Não tenho problemas para falar, abertamente, sobre isso no meu site. Lamento a visão daqueles que perpetuam o discurso infeliz que busca considerar a linguagem formal como uma linguagem objetiva, absoluta e inflexível. É muito delicado dizer isso a um cliente ou a um leigo, que não seja de minha área (e até aos que sejam rsrs), mas, em humanas, não há resultados absolutos. E eu pago um prêmio para qualquer revisor que, de fato, tenha proposto revisão absoluta ou que não possa ser “melhorada” ou melhor adequada a determinado público/gênero textual.

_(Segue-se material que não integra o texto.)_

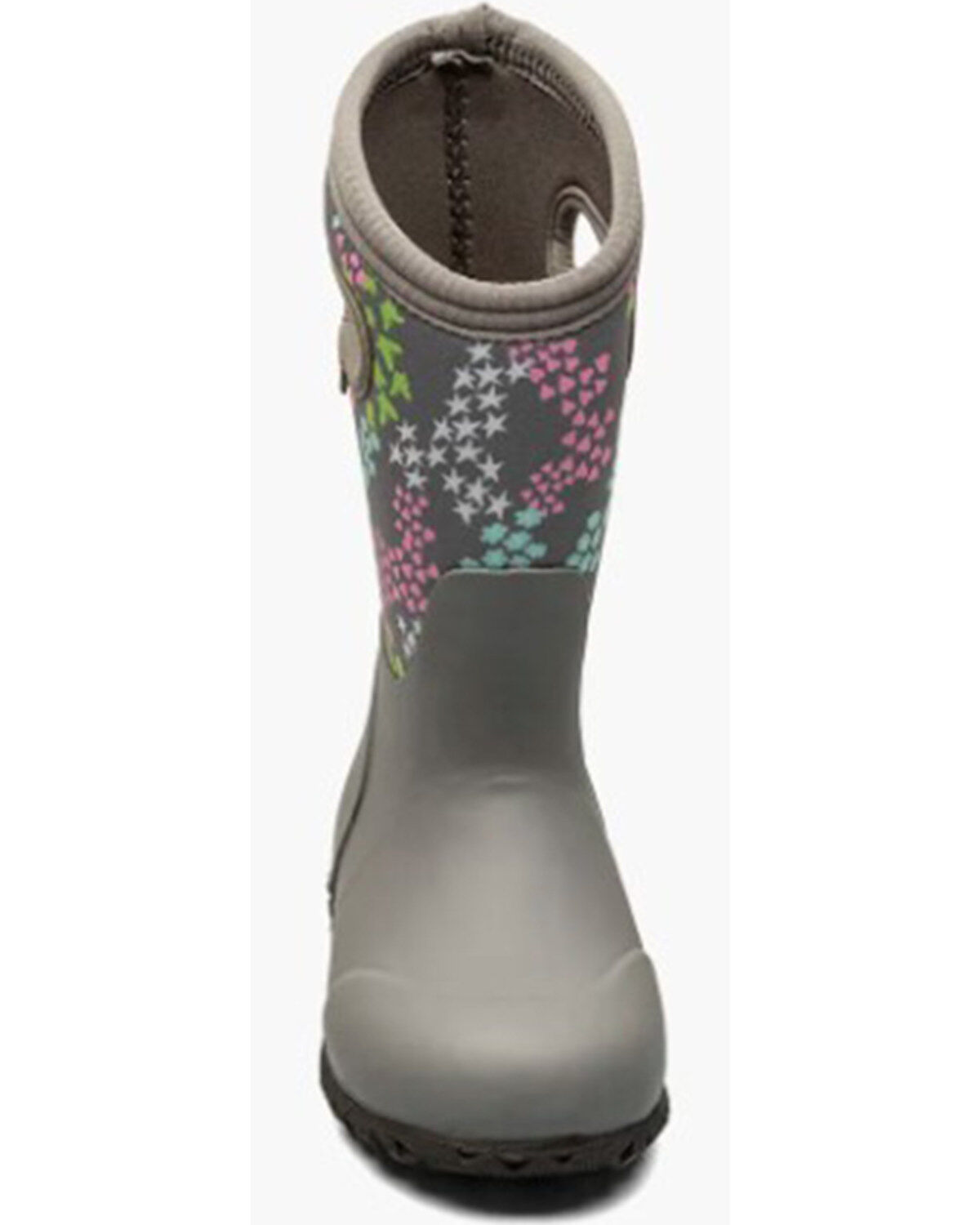 Bogs Girls' York Star Heart Rain Boots - Round Toe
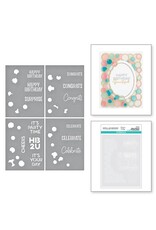 Spellbinders Balloon Garland & Sentiments Stencils - 4 pcs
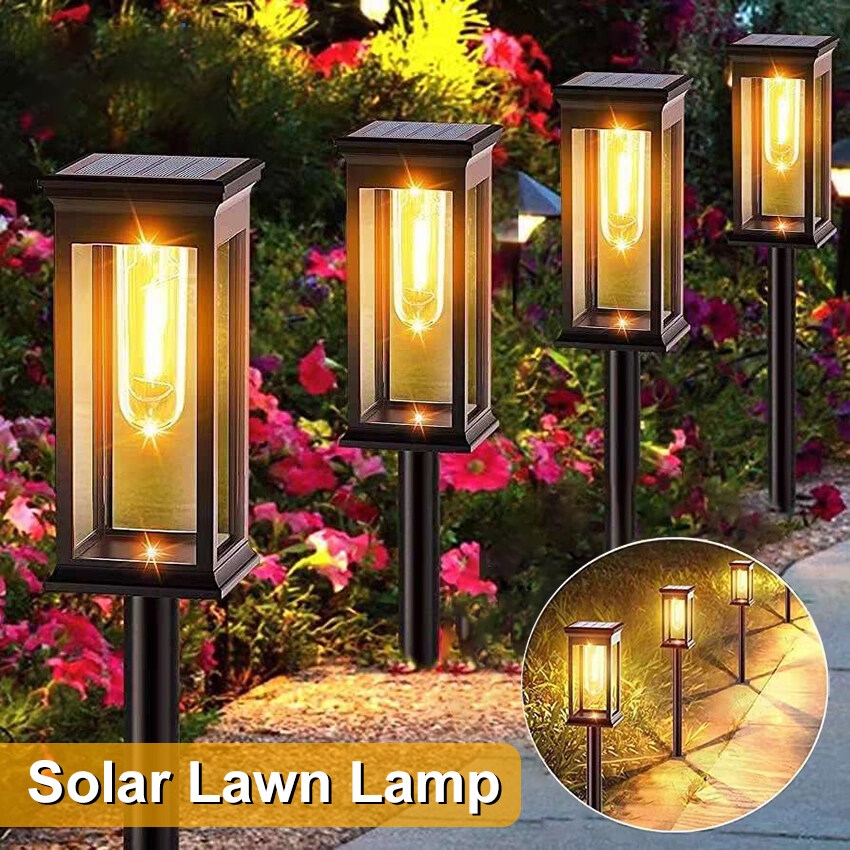 【พร้อมส่งจ้า】ไฟสนามส่องต้นไม้ Solar Light ไฟสนาม ไฟสนาม LEDไฟทาง ไฟปักสนาม ทำให้สวนของคุณสวยขึ้น ไม่ต้องใช้ไฟฟ้า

Cada olhar sobre o texto é, apenas, um olhar e não será um olhar absoluto. Não defendo com isso o discurso de um olhar desatento do revisor, mas, muito pelo contrário, o primeiro olhar sobre um texto não será o último. Na verdade, o cuidado com o texto deve começar desde o processo de redação deste. O problema é que muitos autores escrevem péssimos textos e atribuem ao revisor toda a responsabilidade por isso, o que é bastante perverso. Espera-se do revisor uma atitude messiânica, especialmente no Brasil. Espera-se que esse profissional aja como um “estado patriarcal”, como o próprio Brasil o é, e que ele seja um redentor absoluto de toda “a verdade” textual.
Se autores gostam de falar em “erros”, que fique claro, os “erros” gramaticais e ortográficos relativos a textos que o revisor recebe foram cometidos pelo próprio autor. O que mensura o serviço subjetivo de revisão não é a falsa ideia absoluta de que o texto estará perfeito, após A REVISÃO (sensação que, muitas vezes, é transmitida muito mais pelo engajamento nas interações entre revisor e autor do que pela qualidade do serviço). Como revisor, eu, por exemplo, mensuro o meu serviço em virtude da quantidade de alterações que faço em um trabalho. Também fundamento-me, além de meu longo histórico com revisões, em meus atestes, bem como no fato de eu ser “perito” em minha própria área. Para cada 100 laudas revisadas, costumo realizar, quando considero o texto sem muitos problemas, cerca de mil alterações. Quando o texto tem sérios problemas, para cada 100 laudas, chego a realizar entre 3 a 6 mil alterações (nesse caso, o cliente terá, praticamente, um novo texto).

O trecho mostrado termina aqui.